● **Required work**: Each line of the data must be given back verbatim, with pictures removed.
Records supplied Block Start
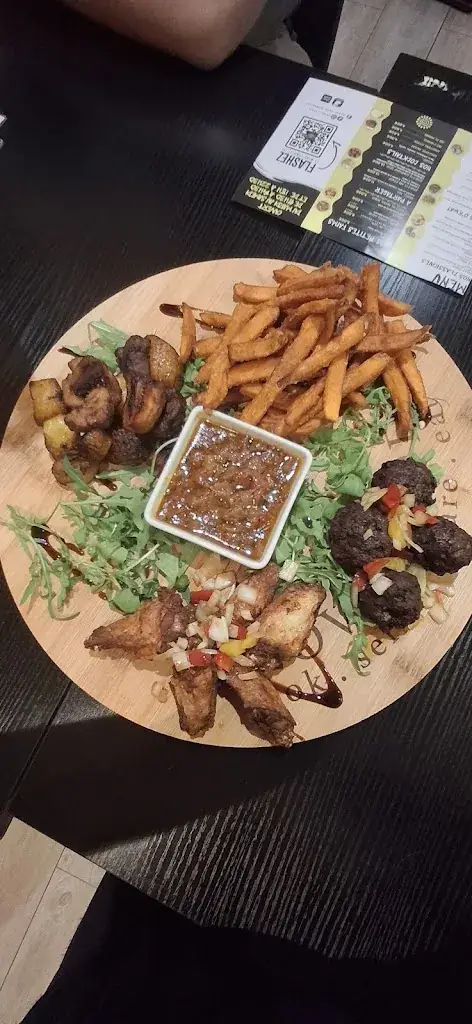 Jamie Leigh Thomas_O'kwat Food_Marseille_review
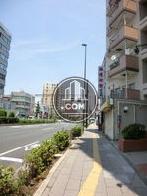 対面側まで距離があります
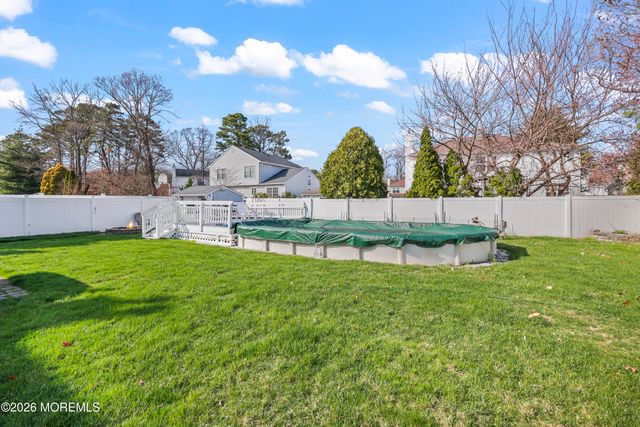 17 Sun Hollow Road, Howell, NJ 07731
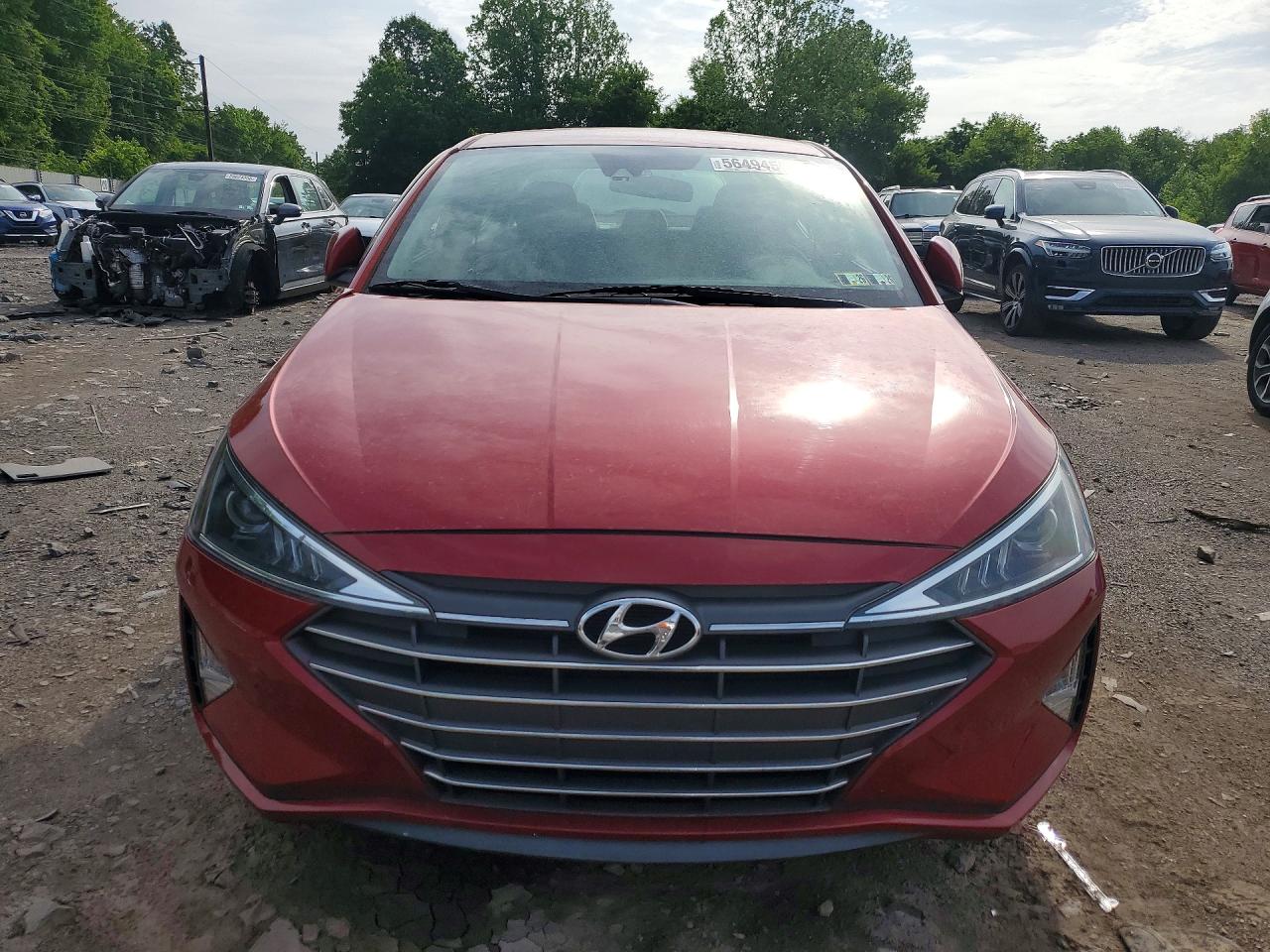 Hyundai ELANTRA Sel
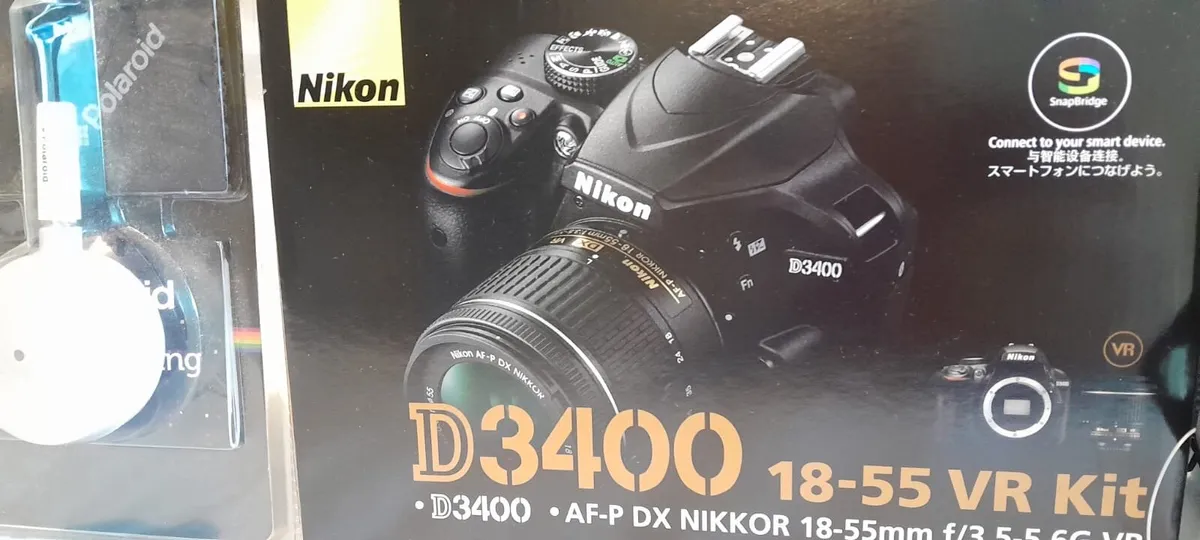 Never used Nikon D3400 with bag and cleaning kit - Image 2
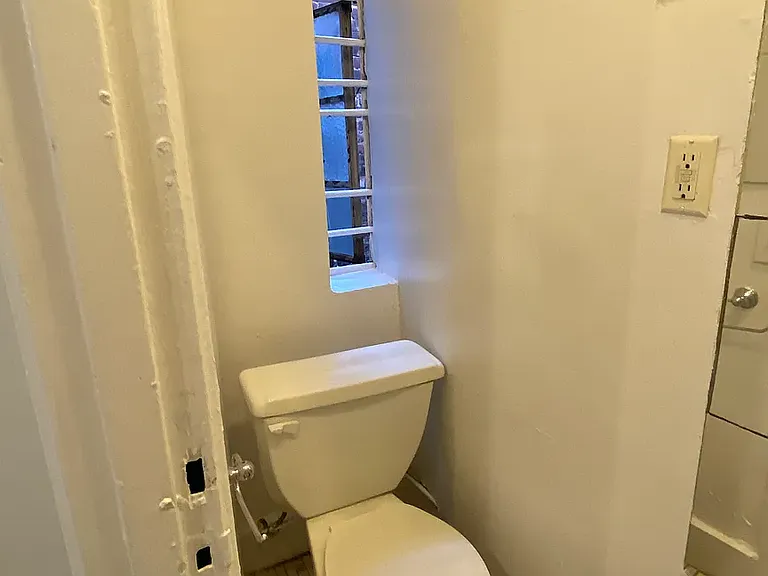 420 W 56th St #20 — Photo 11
Records supplied Block End
● **Your response**:
 Jamie Leigh Thomas_O'kwat Food_Marseille_review
 対面側まで距離があります
 17 Sun Hollow Road, Howell, NJ 07731
 Hyundai ELANTRA Sel
 Never used Nikon D3400 with bag and cleaning kit - Image 2
 420 W 56th St #20 — Photo 11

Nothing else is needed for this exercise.